The world’s top three PR agencies each earn in excess of $500 million in fees a year. The retainer that a decent-size client pays one of them would buy the annual services of about 17 of me. A report run by our sister publication PRWeek puts the average margin for a PR firm at about 14%. Another study reveals that the average shop billed $132,563 per employee and paid those employees $81,500 apiece. The point? There’s some ready cash in the hack-and-flack business. Why can’t they send me a Christmas card?
Full disclosure now: I do not tend to treat PR people gently, even the few that are mildly competent, and I don’t blame them for not digging into their voluminous vaults of cash to buy a stamp in deference to the likes of me. But computer renderings of Frosty dancing in a digital blizzard are the depressing detritus of the holidays in our post-Jobsian world. Send me nothing instead—as was the case with Salesforce.com, though I wrote about the company something like 50 times this year, only occasionally disparagingly. Here are some unfortunates who did dispatch digital tidings, however.
FCB sent me a cause-related email that asked me to create a unique snowflake, because FCB is composed of a “passionate group of thinkers, creators, technologists, and storytellers devoted to creating buzzworthy ideas.” The more snowflakes created, the more FCB will donate to Water.org. I always wonder with pitches like this: Do companies do this to grab credit for being charitable, then write a check for $738 dollars to Water.org and tell them, “Sorry, not enough losers made snowflakes?”
Fit for Commerce fit nicely into the category of “Companies that give capitalism a bad name.” Not wanting to waste one dime of the king’s ransom the company pay its PR firm, FitforCommerce used Christ’s birthday as a stage from which to launch a customer acquisition program. Under a snowy graphic of Christmas presents was a questionnaire straight from the sales force’s tool kit: Do your customers move seamlessly between carts when logged in? Can you show product shipping status? Do you have a conscience?

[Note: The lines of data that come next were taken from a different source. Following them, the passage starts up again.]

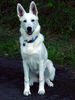 Weißer Schweizer Schäferhund Foto: Enya - 6 Monate 58cm und 25kg (ID 25077) Weißer Schweizer Schäferhund Hund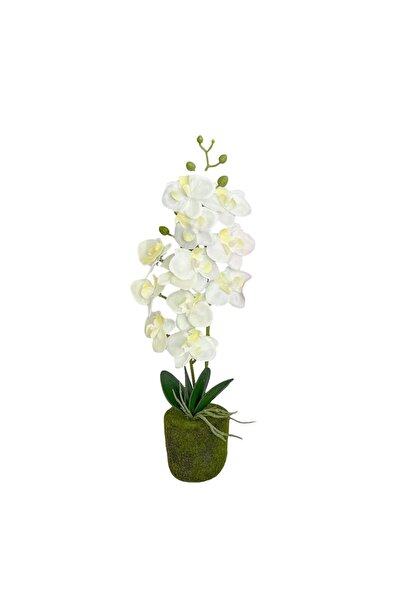 Koopman Artificial Plant White Orchid 40 cm, with white flowers and green lea...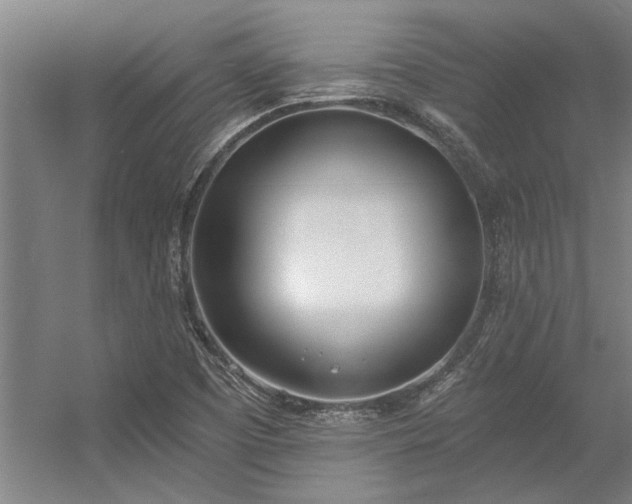 X0000056361457200509021735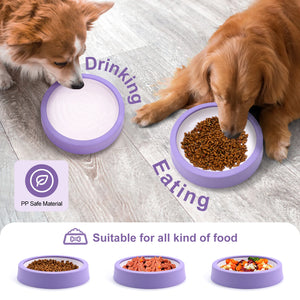 Pet Dog/Cat Slow Feeder Bowls (Non-Slip/Anti-Gulping)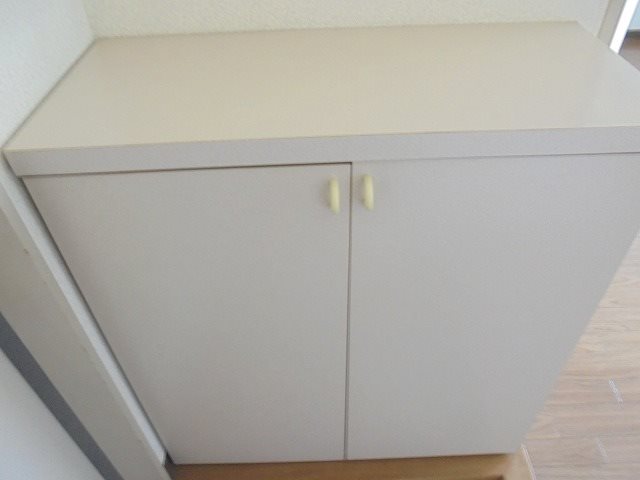 ヴェルドミール 玄関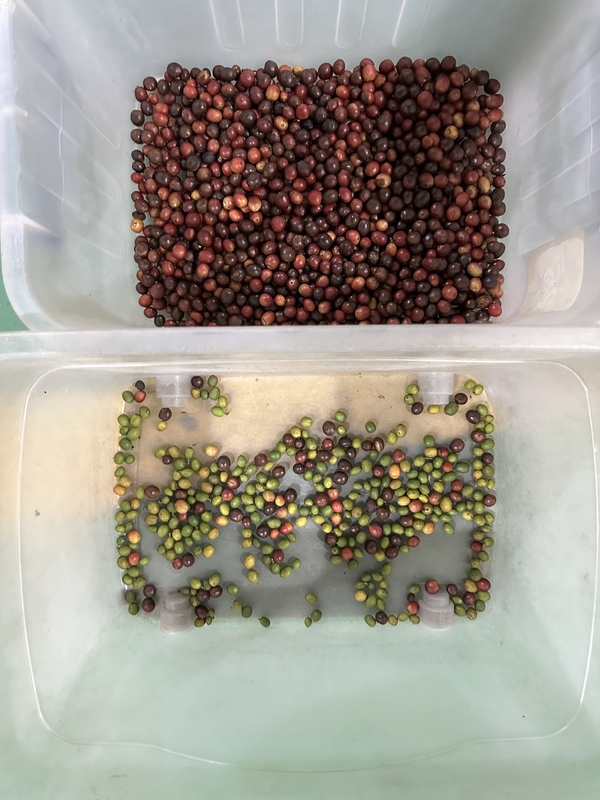 Wenyao CCD Color Sorter for Coffee Beans with 99.99% Accuracy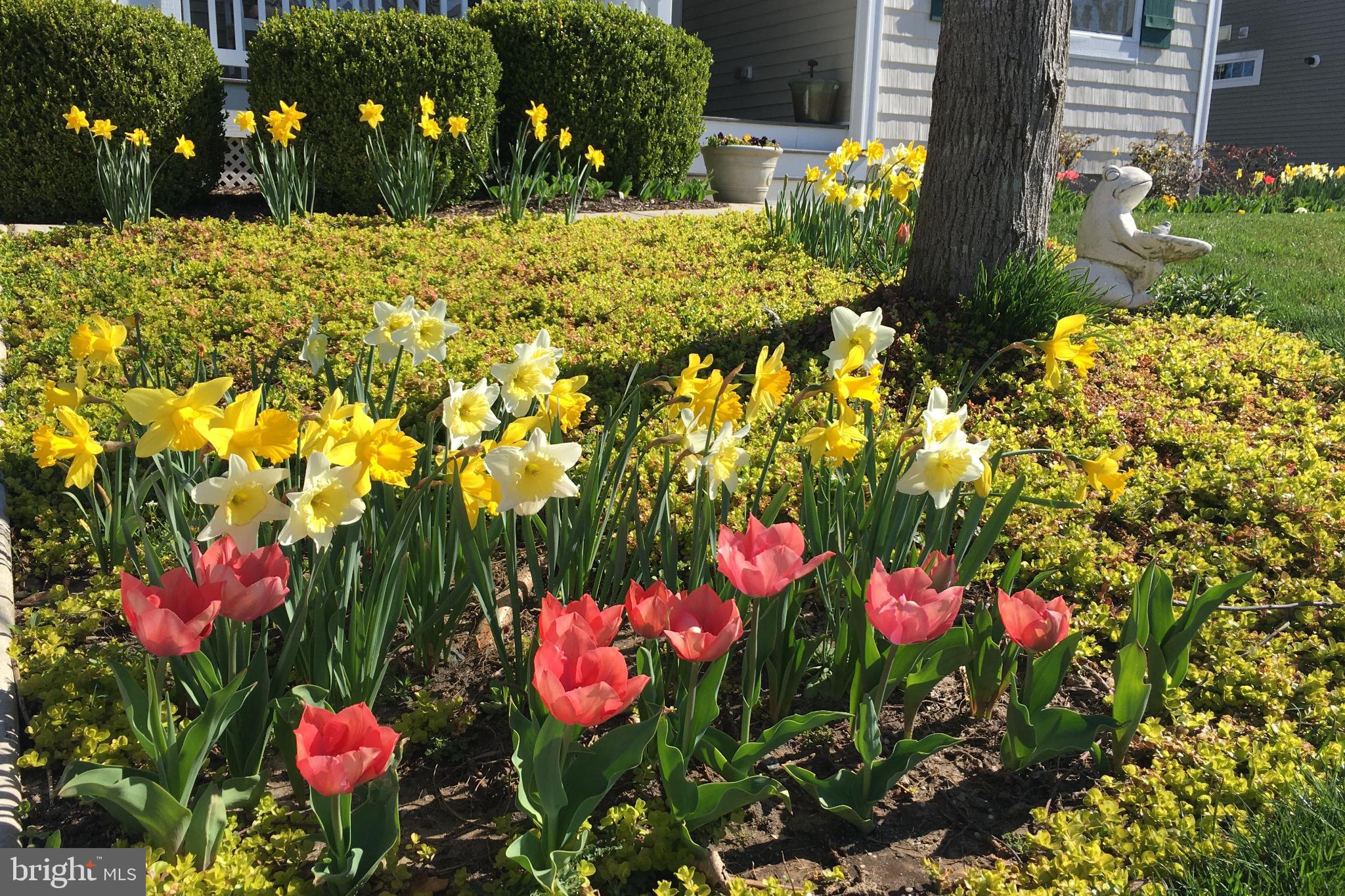 16635 Shoal Road Lewes, DE 19958 - Photo 3 of 60 Vibrant spring blooms in a sunny garden.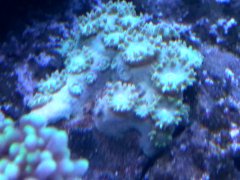 IMG_20190406_193734_HDR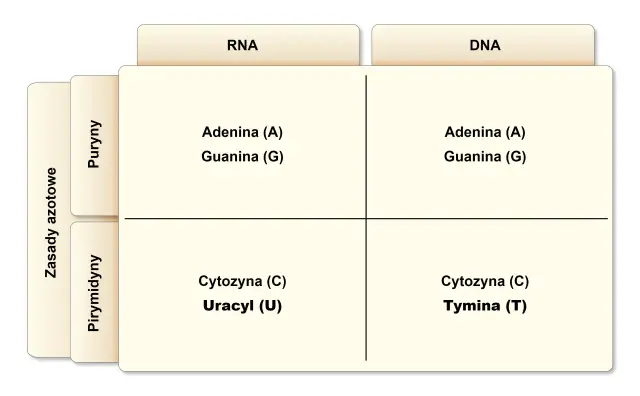 Porównanie zasad azotowych w RNA i DNA: adenina (A) i guanina (G) występują w obu, ale w RNA jest uracyl (U), a w DNA tymina (T).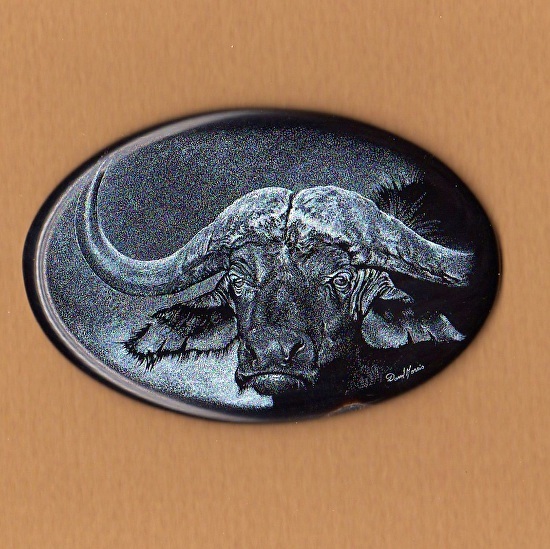 cape-buffalo.jpg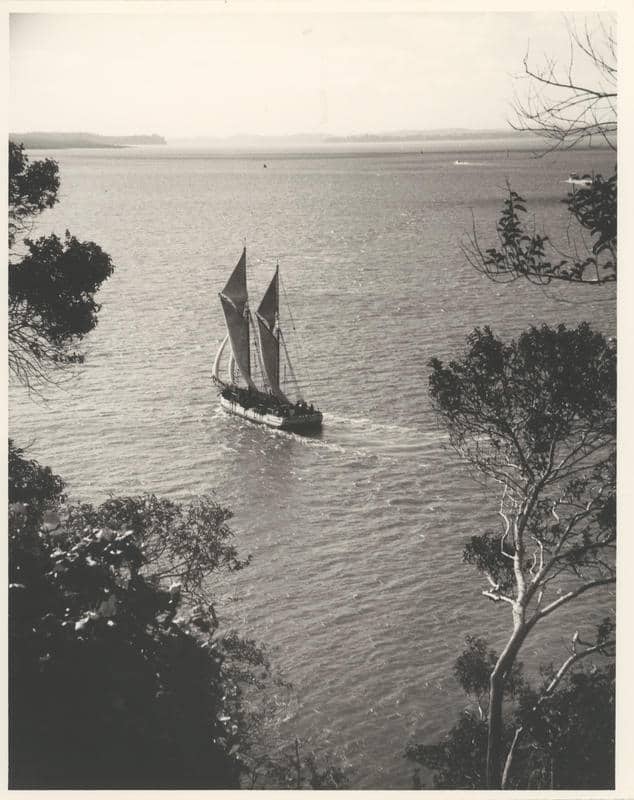 Black and white image of the scow Owhiti under sail. Seen from above the ship is framed by trees.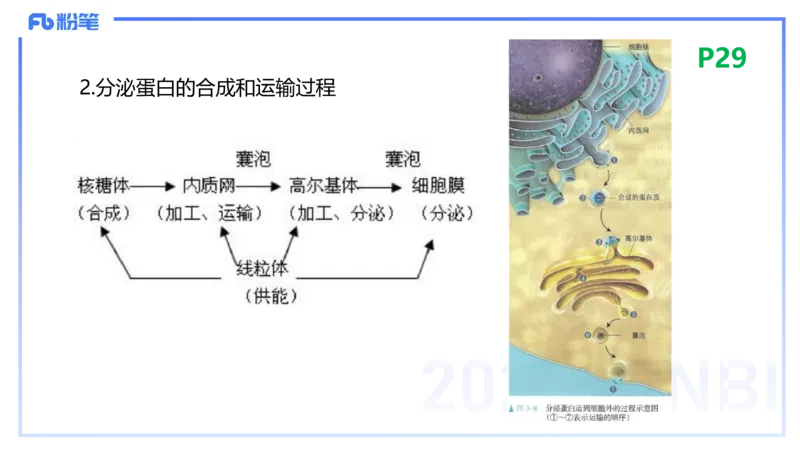 1.18晚-细胞生物学1-拾光_4-教培资料-26年最新资料-同步更新_科一科二电子资料合集中小幼（笔记真题知识点汇总等）文件多，按需保存_各机构笔记合集（中小幼）推荐_01理论精讲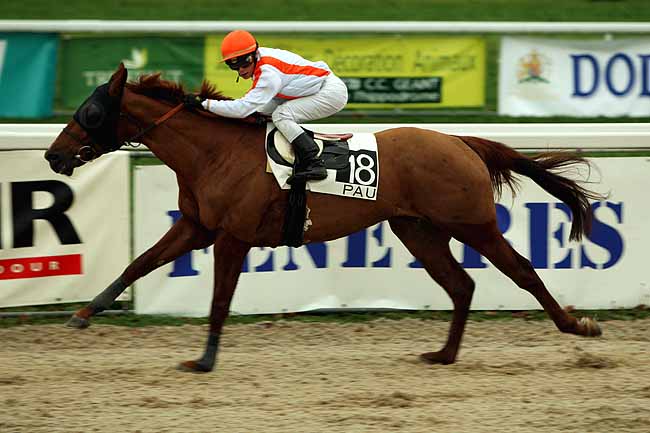 Arrivée quinté pmu PRIX PMU TABAC LE BALTO - TARBES (PRIX DE MEILLON) à PAU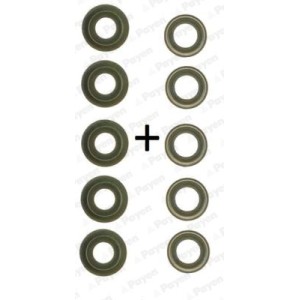 PAYEN Dichtungssatz, Ventilschaft HR758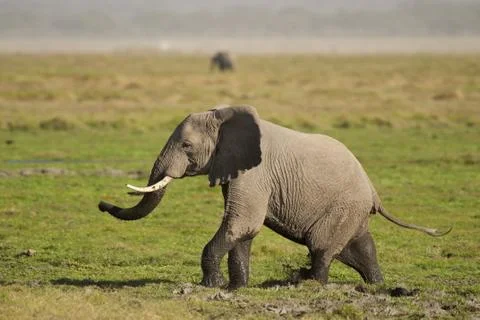 Elephant in the Savannah Stock Photos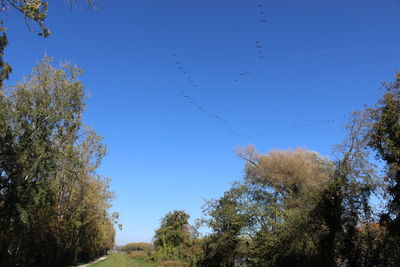 Low angle view of trees against clear blue sky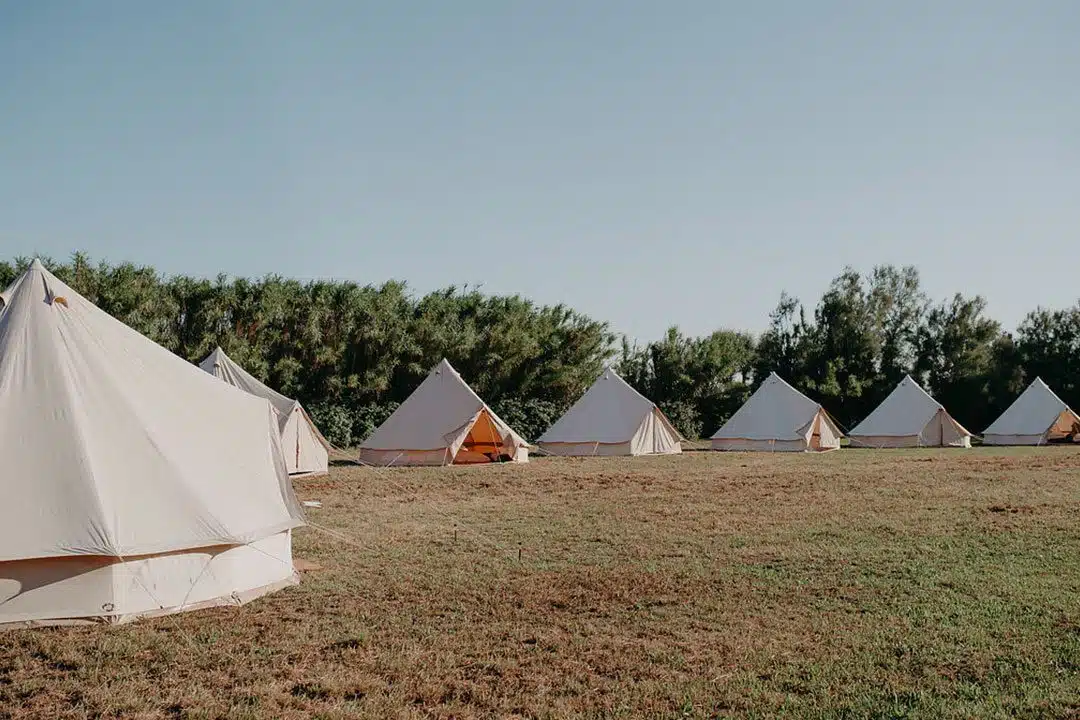 mariage plein air camargue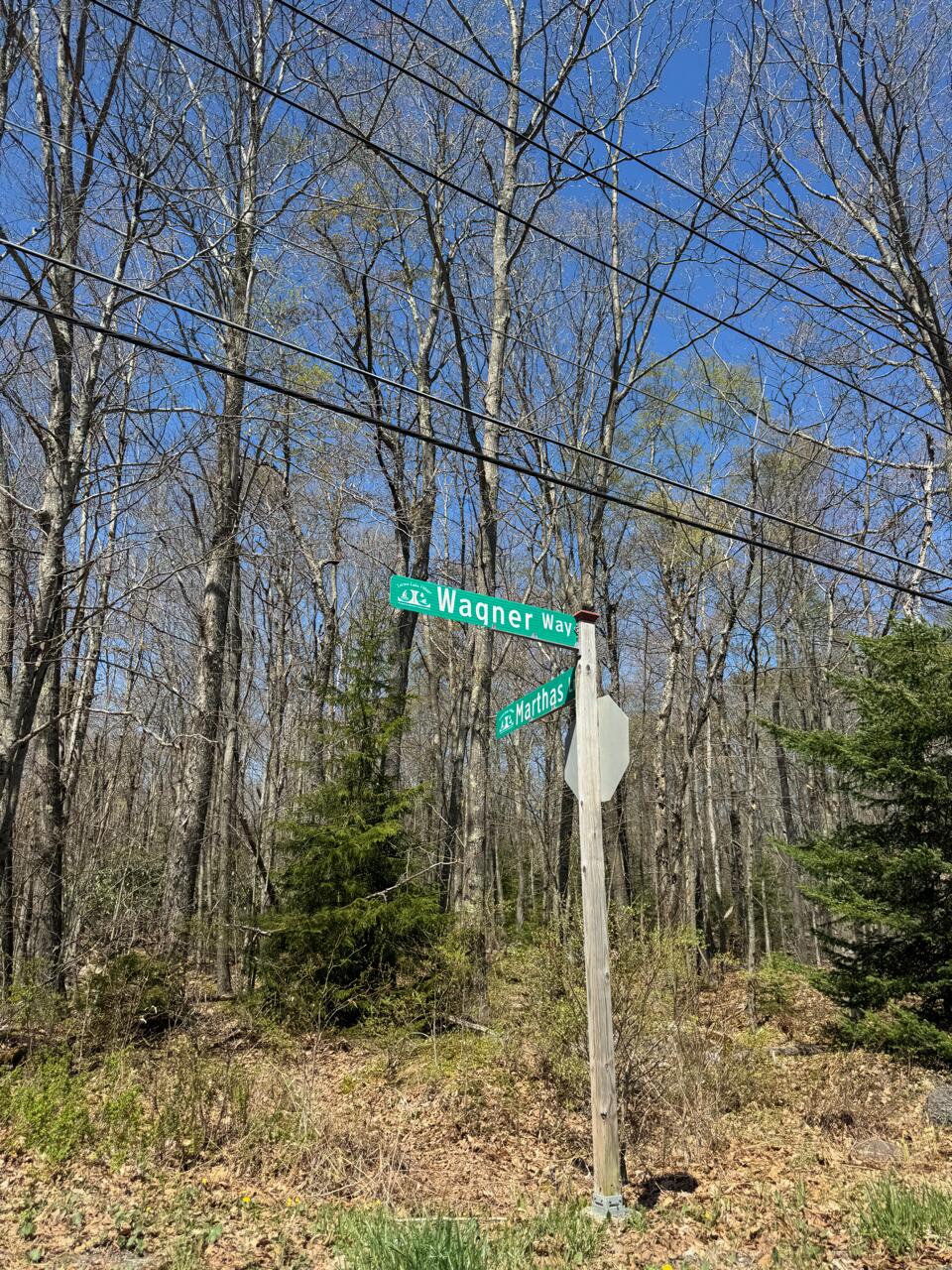 Wagner Way 130, Pocono Lake, Pennsylvania image 2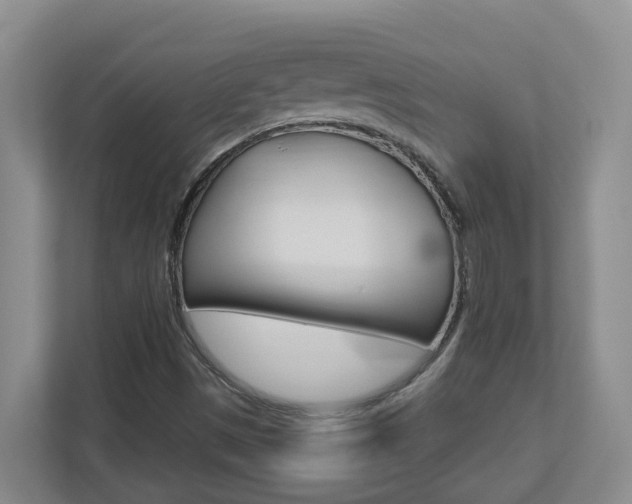 X0000112721497200908200936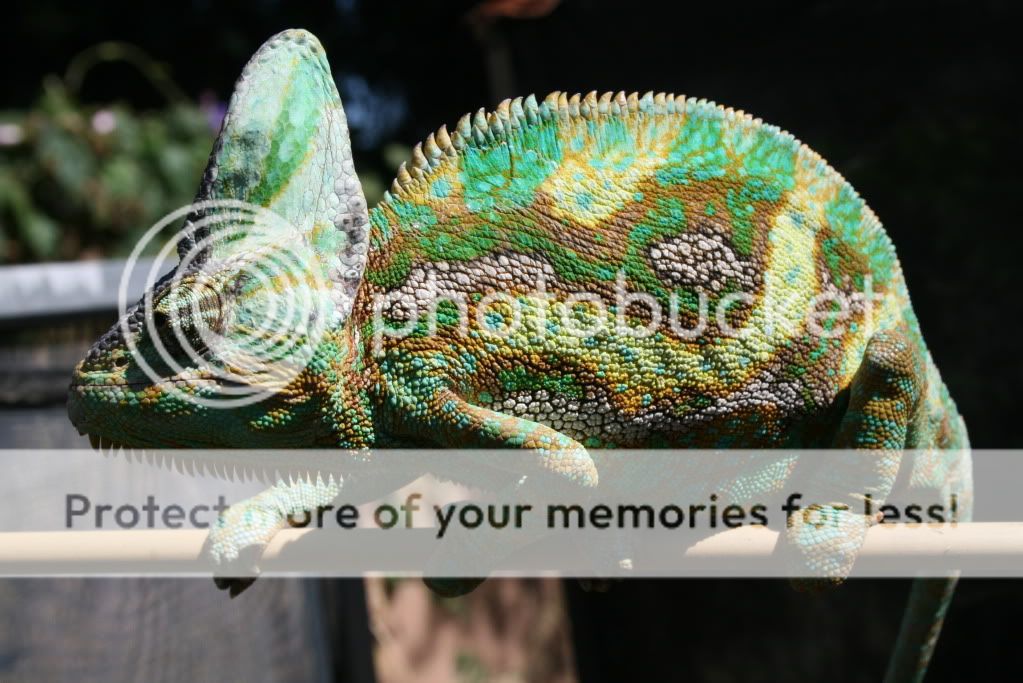eospics9-19-09010-1.jpg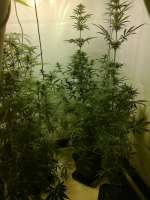 Imagen de hemp47 (Blueberry Haze)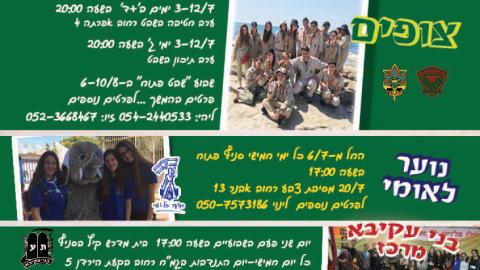 פעילות תנועות הנוער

George Simpson Communications. George breaks one of the cardinal rules of show business: If you’re going to be irreverent about a hallowed family institution, you’d better damn well be funny. George was not. His Christmas patio shot with his lovely family used a word balloon device perhaps amusing to friends, but not to the world at large. Daughter says brother “smells like beer” and wifey asks, “Where’s my goddamed (sic) phone charger?” Did it never occur to George that taking the Lord’s name in vain on the occasion of the savior’s birthday might not showcase his PR talents at their optimum level?
CPXi deserves from props for pulling off a passable digital substitute for receiving a real Christmas card. The email image shows a beautiful blue card emerging from a deep red envelope. Click on it and you’re moved to animation in which the card pops out and opens up to wish you holiday cheer and tells you that “on your behalf,” a donation has been made to the Pajama Program. It’s a great charity that gives sleepwear and books to needy kids. But, agency folks, I’m going to say this once and don’t make me repeat it because I take no joy in saying it: We lowly writers survive partially off what an old associate of mine used to call “glom.” Apart from few actual Christmas cards, I personally also received no tins of cookies, boxes of candy, or metal ashcans filled with three flavors of popcorn. We don’t make the kind of cash agency folks do. These are an important supplement to our year-end diets.
Finally, to all of the aforementioned, have a Merry Christmas and show me some goodwill in having a little fun at your expense. PR’s a tough enough game as it is without creeps like me piling on, I know. However, I will take this opportunity to extend special holiday felicitations to those that actually did send me cards: Judy Kalvin of Kalvin PR, Sandy Pell and Team Hootsuite, Achtung, and the folks at Exchange Lab.